ITシステムのノウハウや経験が必要なシステム運用は、専用サービスを使った自動化・省力化が進んでいて、外部のプロにアウトソーシングする例も増えています。システム運用業務を楽にすることで、人やコスト、時間などのビジネスリソースを、本業である業務運用に回せるようになるため、注目を集めています。

この記事では、ヘルプデスクの運用業務の解説、運用管理についてや運用体制や運用設計についてご紹介いたします。

運用業務って何?

「運用業務」とは、「システム運用という業務(System Operation Work)」のことです。システムをスムーズに運用していく業務のため、システムに関する総合的な知識が必要とされています。似たような言葉で、「業務運用」もあります。業務運用は、「ビジネスに関係する部分の運用(Business Operation)」のことを指します。

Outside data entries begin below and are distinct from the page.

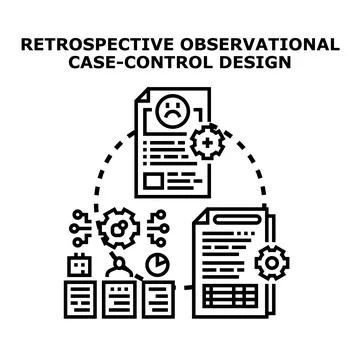 Retrospective observational case control design methodology research Stock Illustration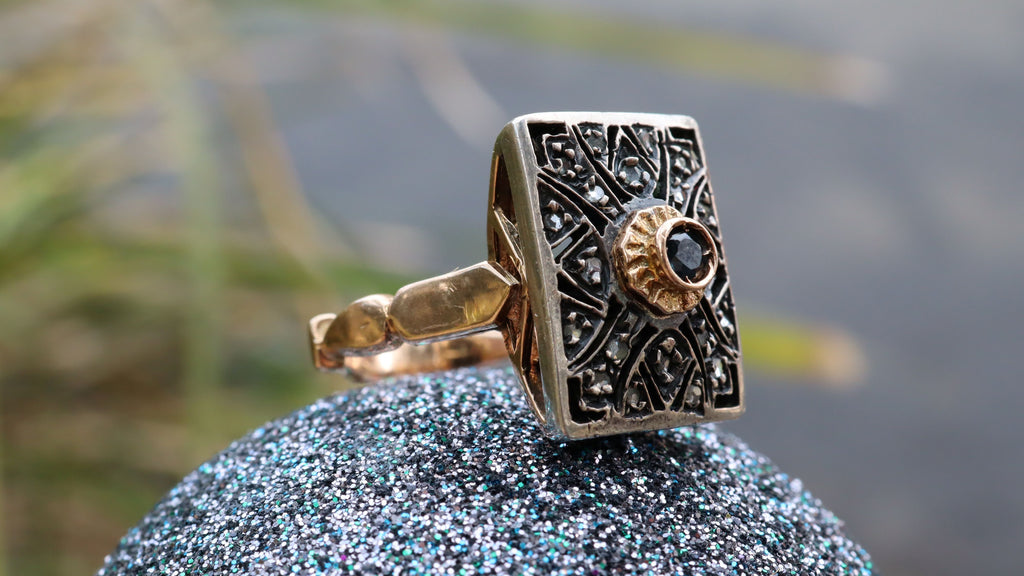 Sapphire and Marcasite Ring in 14ct Rose Gold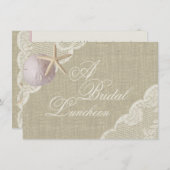 Invitation Dentelle et dîners de mariée de poisson-Starfish (Devant / Derrière)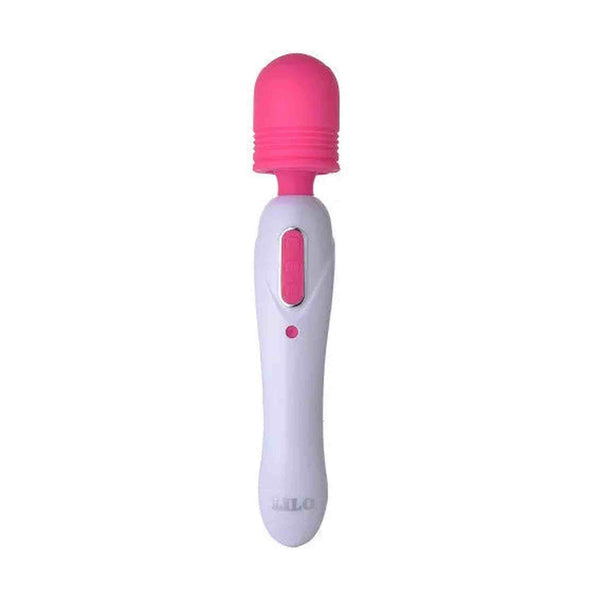 Vibratore wand 2 in 1 bianco e rosa Lillo con testa morbida a anelli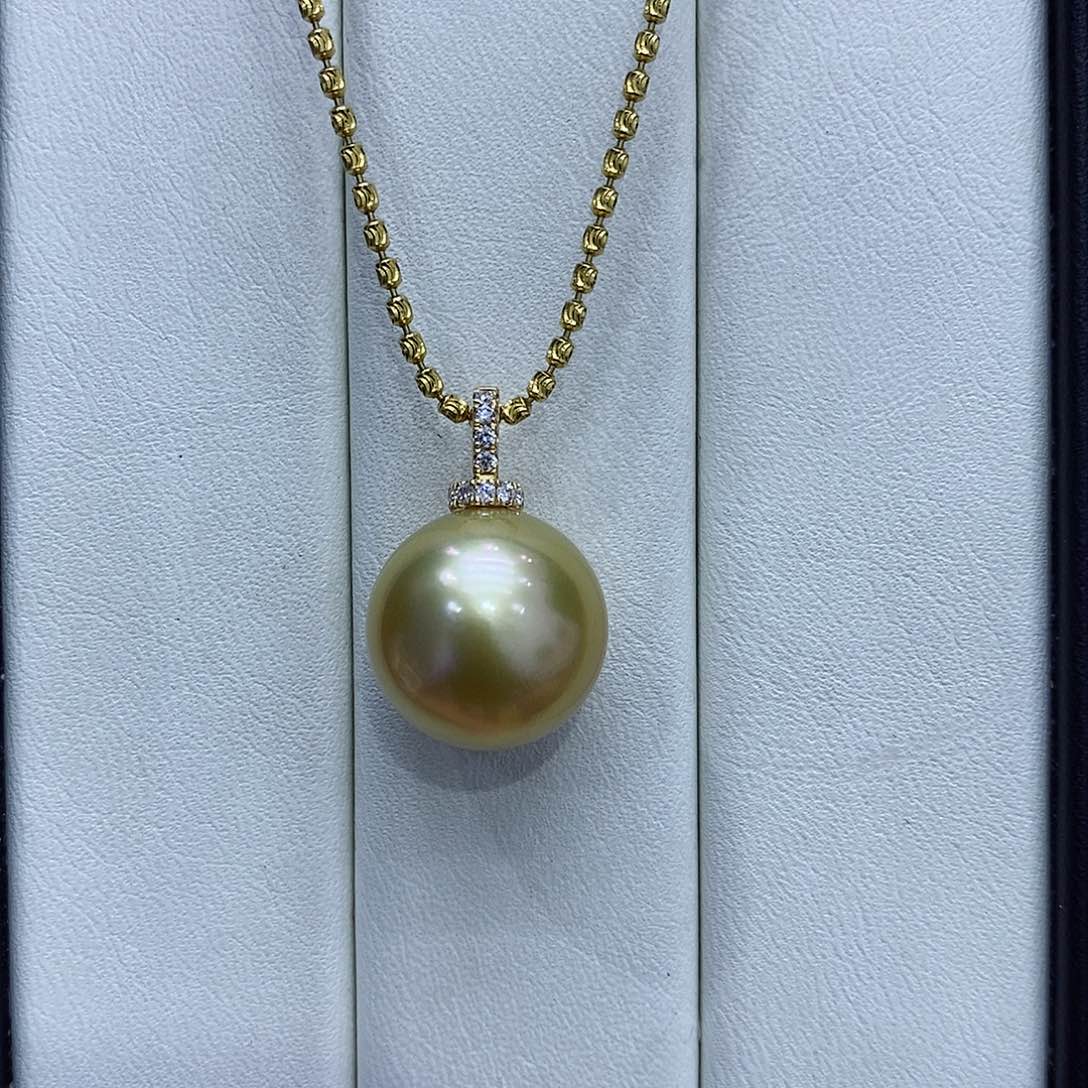 海水珍珠吊坠(不含链)18K金镶嵌14到15点位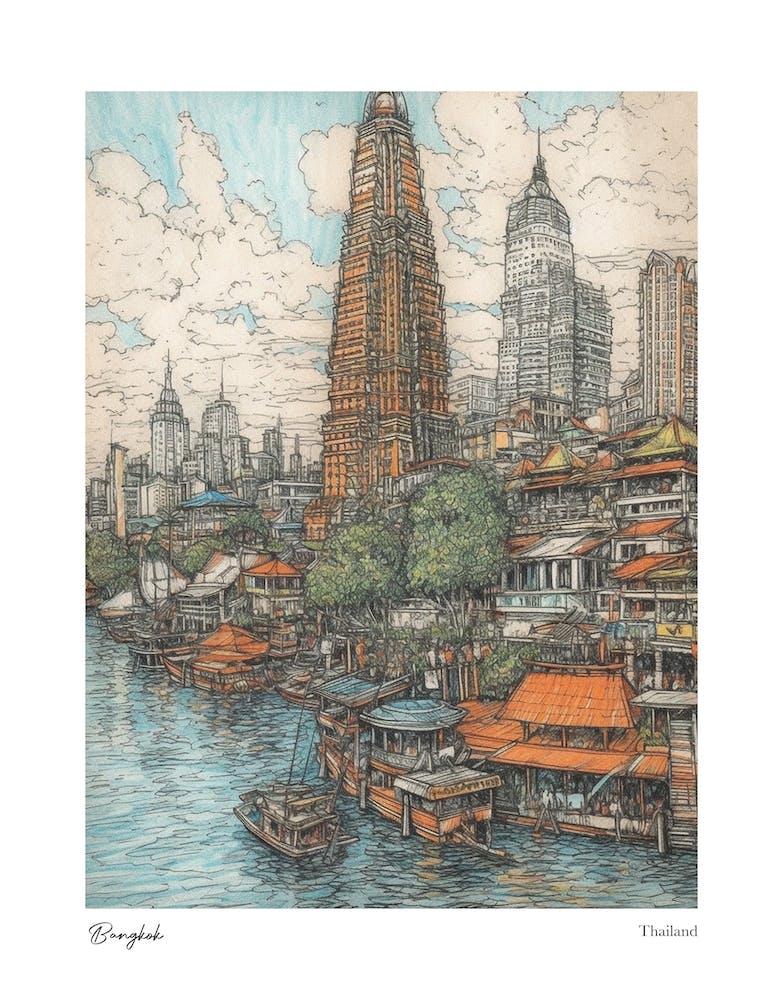 Bangkok Thailand Drawing Pencil Style 3 Travel Poster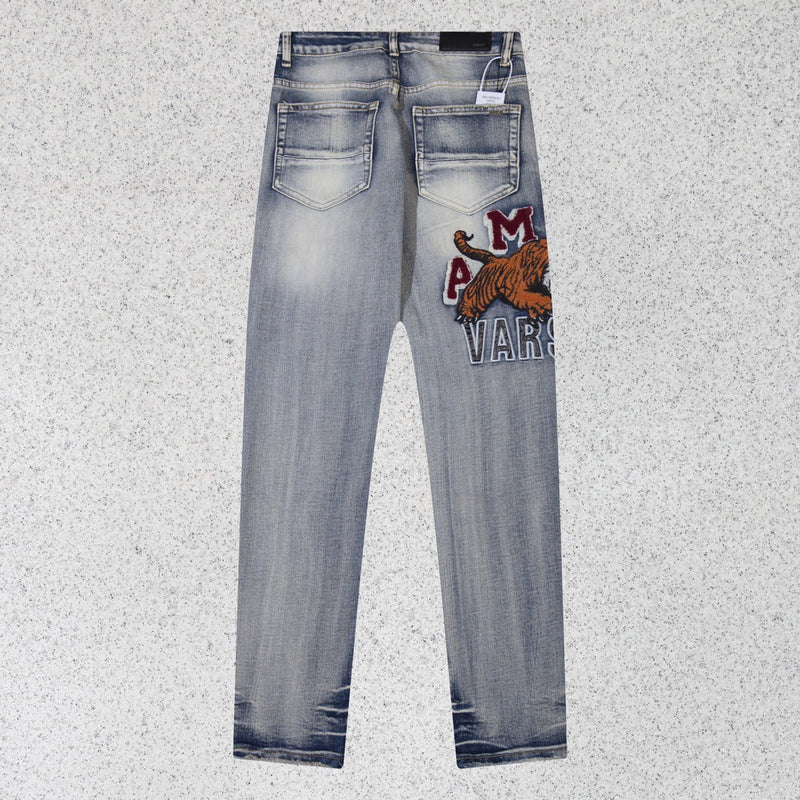 Amiri Jeans Tiger Embroidery Casual Jeans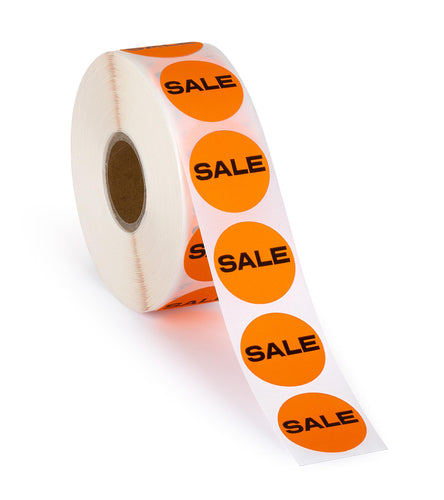 Bulk Case of 100 Rolls - 1000 pcs Sale Stickers for Retail Store Bright Orange Garage Yard Sales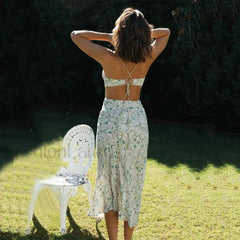 Floral Hollow Out Midi Dress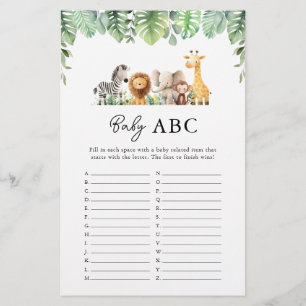 Flyer Safari Baby Shower Game - Baby ABC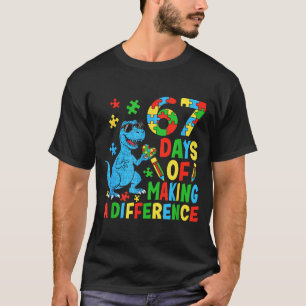 Days Of Making A Difference Dinosaur Autism Teache T-Shirt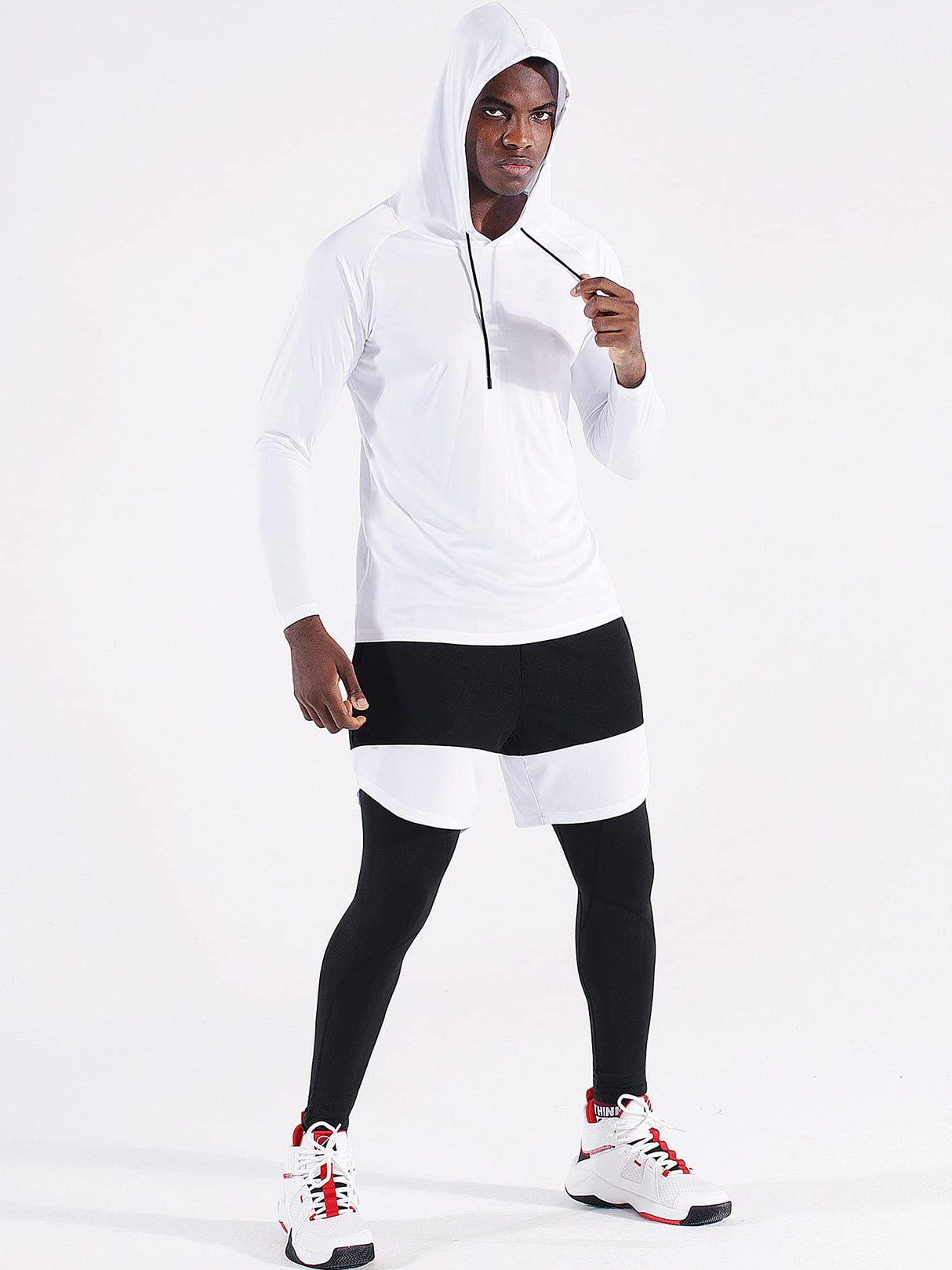 CADMUS Men's Workout Long Sleeve Fishing Shirts UPF 50+ Sun Protection Dry Fit Hoodies,1 Pack,096,White,Large CADMUS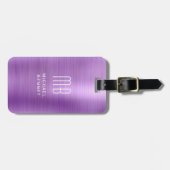 Elegant Monogrammed Paars geborsteld metaal Bagagelabel (Voorkant horizontaal)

両者は密接に関係していますが、ビジネスサイドから見るか、システムサイドから見るかの違いがあるので注意です。

基本的な運用業務とは、下記の4つの柱で成り立っているものです。

①業務運用
運用スケジュール管理、インシデント問題対応、業務イベント対応、セキュリティ対応など。

②システム運用
アプリケーション(業務、情報、アプリ)とインフラ(サーバ、ネットワークなど)の2つ。社内でオープンな技術勉強会を開催する企業も増えています。

③ヘルプデスク
下記詳細説明参照。

④運用統制
業務運用、システム運用、ヘルプデスクを束ねるマエストロ的なポジションです。顧客のフロントに立ち、そして内部関係者(営業、開発、PMOなど)との調整役としても大事な役割です。

しっかり4つに分かれているかは、システムの規模や企業の大きさによります。運用統制がない企業も多くあり、1人のインフラエンジニアが、業務運用もシステム運用も、ヘルプデスクまで兼ねているケースもあり、オーバーワーク化が当たり前となっています。

ヘルプデスクの運用管理とは?

一般的なヘルプデスクは、顧客や社員に操作説明したり、クレームなどを受けています。

最近では、ヘルプデスクの業務は多岐にわたり、顧客や社員からの問い合わせを受身で対応するだけじゃなくて、積極的に情報発信してシステムの適切な利用を促したり、トラブルを未然に防いだりと進化しています。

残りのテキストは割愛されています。